In contrast, color imaging systems (e.g., digital cameras) are not naturally adaptive like the human visual system. Accordingly, a digital camera cannot acceptably reproduce a scene's actual colors without compensating for the influence of the color (color temperature) of the light source. For example, without accounting for the color of the light source, a picture taken under tungsten light will look yellowish, and a picture taken under florescent light will look bluish. Thus, the color of the light source must be determined so that the image data can be “corrected” to compensate for the effect of the light source. This process is commonly referred to as “color balancing” or “white balancing.”

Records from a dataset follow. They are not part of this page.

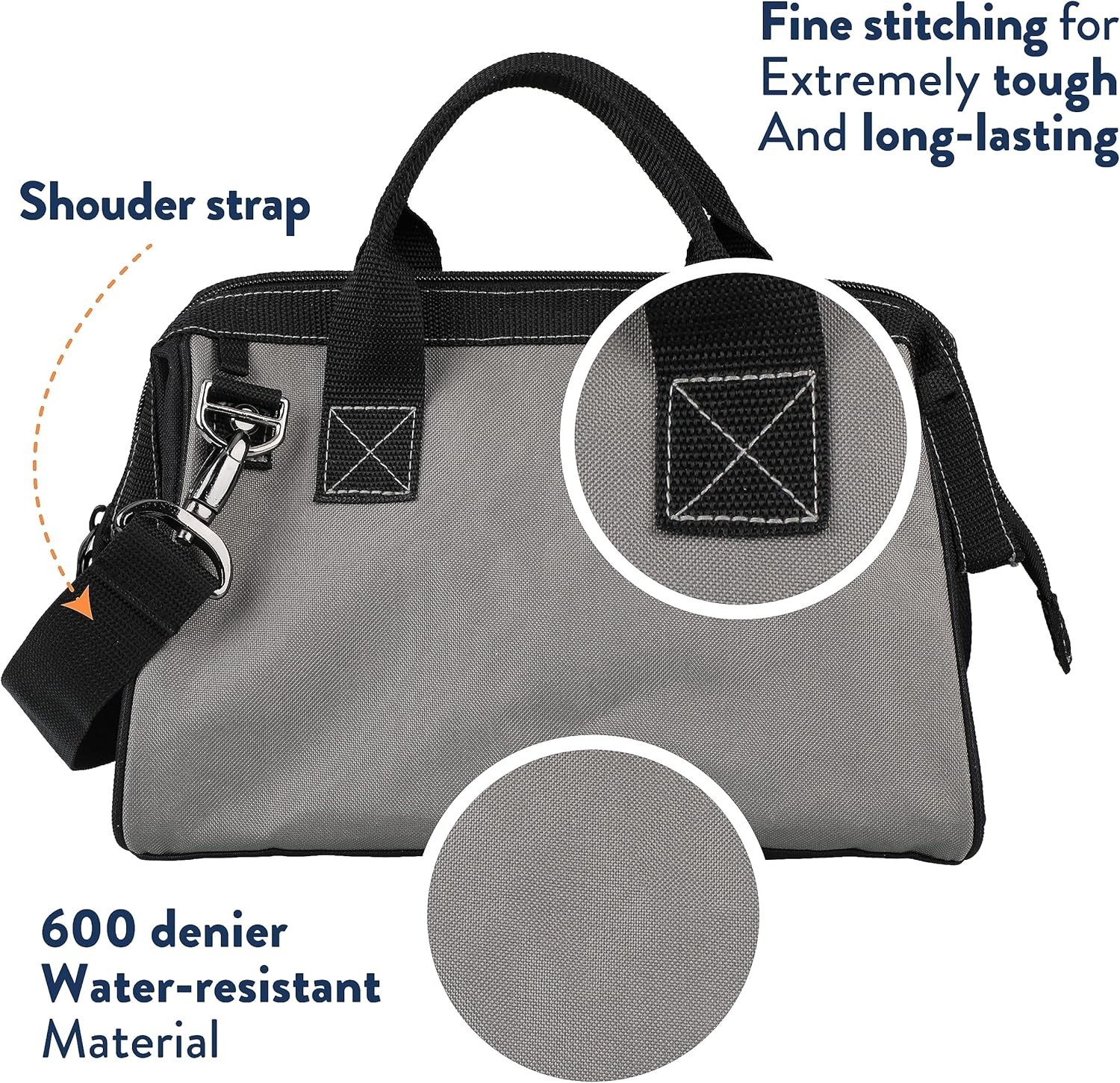 Durable 12-Inch Tool Organizer with 4 Pockets & Water-Resistant Design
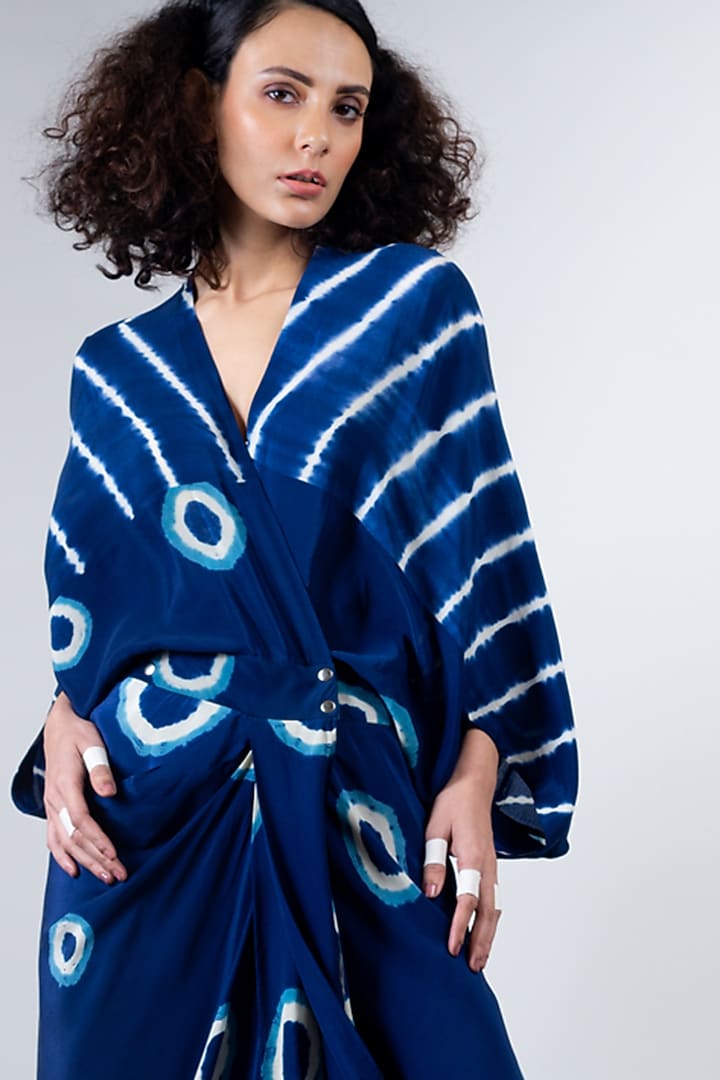 Blue Leheriya Kite Wrap Vacation Dress by Nupur Kanoi at Pernia's Pop Up Shop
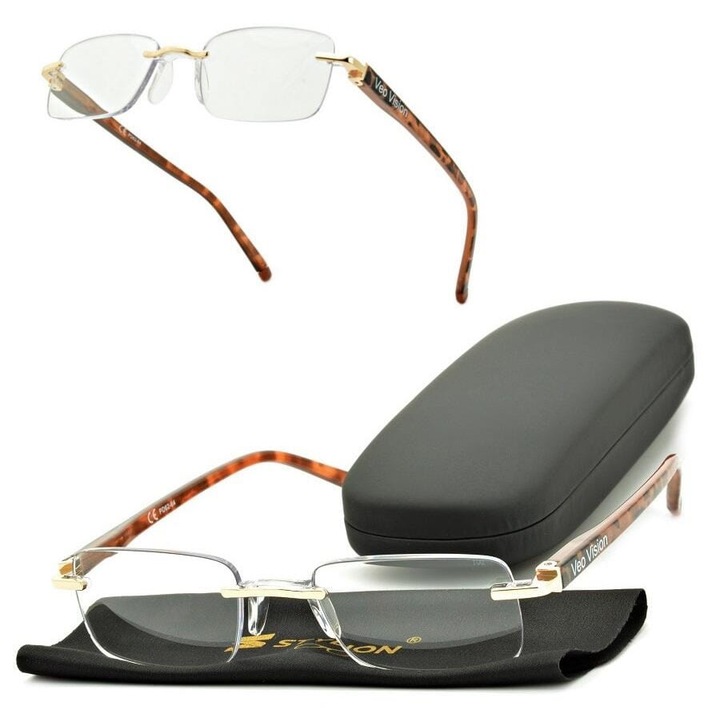 Ochelari de vedere fara rama, Stylion, model ST323A, +3.50 dioptrii, pantera + auriu, set cu etui si stergator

In color/white balancing, the color of the scene illumination is either measured or estimated from the image data, and then the image data is adjusted to compensate. In some implementations, the camera is equipped with the functionality and processing capability needed to estimate the color of the light source from the image data. For example, a camera may be equipped with a light meter that can be used to identify the color of the light source. A camera may instead rely on a statistics-based computational approach in which all of the pixel color values in an image are averaged, and the image data is then adjusted so that the average of the pixel color values is gray. Alternatively, a photographer may calibrate the camera to a known reference color (e.g., a gray card) every time pictures are taken.
Conventional white balancing techniques can be problematic for a variety of reasons. For example, it may be impractical or too costly to equip each camera with a dedicated light meter. Use of a gray card may be impractical and inconvenient because the photographer has to carry and set up such a card and spend extra time taking a picture. Statistics-based techniques may be inaccurate in many scenarios because, for example, the average color of a scene may not actually be gray.